Indiana taxpayers to spend $250 million on Kentucky tunnel

If a tree falls in the woods and no one is around, does it make a sound? If you’re in Kentucky: absolutely. A decades-long effort to preserve a small section of forest is costing out-of-state taxpayers millions as uprooting trees creates uproar.

The states of both Indiana and Kentucky have been trying to tackle the issue of traffic congestion for ages in the greater Louisville, KY metropolitan area. There the region is divided by the Ohio River, a natural boundary between the two states that makes maneuvering around highways and byways a nightmare for millions of drivers each year. In 2012 a construction crew will finally begin work on a bridge that will span the river and, area officials hope, relieve the woes of residents of both states. A small section of land in Kentucky is causing some controversy, though, after Indiana taxpayers are being forced to foot the cost of an out-of-state, $250 million tunnel that is part of the project yet deemed unnecessary by just about everyone.

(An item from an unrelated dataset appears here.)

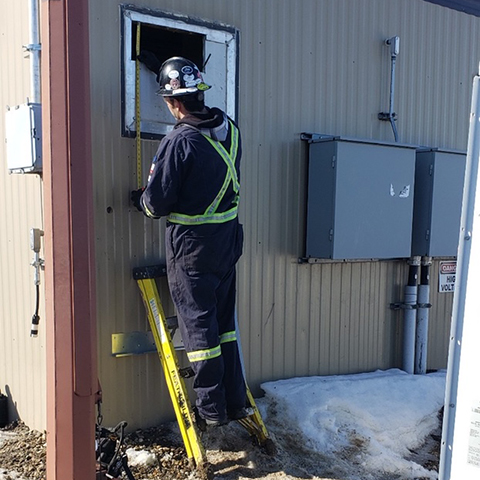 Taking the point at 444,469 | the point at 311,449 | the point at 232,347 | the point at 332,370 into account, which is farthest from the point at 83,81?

“The tunnel is a terrible abuse of taxpayers’ money,” former Louisville Congresswoman Anne Northup tells the Indy Star. “It’s an outrage in terms of what it accomplishes versus the cost.”

Rep. Northup might be angry, but the real outrage comes across the river in Indiana where residents will be singlehandedly responsible for paying for the 1,940 foot-long tunnel in neighboring Kentucky that will route traffic away and towards the bridge. Both states are putting in around $1.3 billion a piece on the project that exceeds two-and-a-half billion dollars in all, yet Kentuckians and Hoosiers alike largely agree that a tunnel that will be built beneath 11 acres of land included on the National Register of Historic Places isn’t all that necessary. In fact, that part of the project will constitute one-tenth of the cost for the entire inter-state bridge system that mostly involves bridging the Ohio River. Opponents of the all-but-confirmed construction say that they could save millions if they forego blasting a tunnel below the preserved woods.

Instead of the tunnel, Hoosiers could have saved around $203.7 million by instead opting to pave a traditional roadway through the disputed property in Kentucky, reports the Indy Star; another option would have disrupted the land, but still saved Indiana taxpayers $82 million. For now, however, the project looks to follow through with a $250 million tunnel that some say is beyond dubious.

The root of the problem starts with a 1988 initiative waged by the Jefferson County Office of Historic Preservation and Archives in Kentucky, who asked the owner of 11 acres of land to apply to have her property placed on the National Register of Historic Places. Bridge proposals spanning the river were already in the works and were likely to include decimating a picaresque but petite section of woods on the edge of the so-called Drumanard property. Neighbors of Mary Peabody Fitzhugh’s parcel of land enjoyed the look that the woods added to the affluent Kentucky neighborhood and reportedly wanted to ensure that the construction of a bridge wouldn’t be a burden to the community and, of course, land values. Two decades later, that burden is being shifted elsewhere.

Proponents pushing to have the Drumanard property placed on the National Register of Historic Places were victorious in the early 1990s after they successfully pleaded that the wooded portion of the land was prepared by landscape firm managed by Frederic Law Olmsted, the same urban planner that put together New York City’s Central Park. Because the property was added to the list, a bridge was all but guaranteed to be guided elsewhere if it was ever actually approved for construction. It’s been more than a decade since Ms. Fitzhugh passed away, though, and Olmsted experts say that the section of land shows no evidence of what Jefferson County officials originally attested.

“Today the area is densely and indiscriminately vegetated with shrubs, vines and deciduous trees,” writes the Amos Consulting Group of Colorado. “While this area is within the National Registry boundary, the north woods were not a part of Olmsted’s original plan for Drumanard.”

Now that the cat is out of the bag, Hoosiers are getting heated over having to pay for a project arguably unnecessary. “The people in Southern Indiana see that as a boondoggle to escalate the cost of the project to the point of trying to make it too costly to build,” Clarksville, IN Council President John Gilkey tells the Star. “The property they have identified as being historically significant and necessitated the cost of the tunnel has almost no historical significance as far as people in this community are concerned.”

No matter which side you’re on — philosophically or geographically — all of it doesn’t matter that much. Pending an almost guaranteed approval from the Federal Highway Administration, the Indiana residents are expected to still foot the Drumanard tunnel when construction on the bridge begins next year.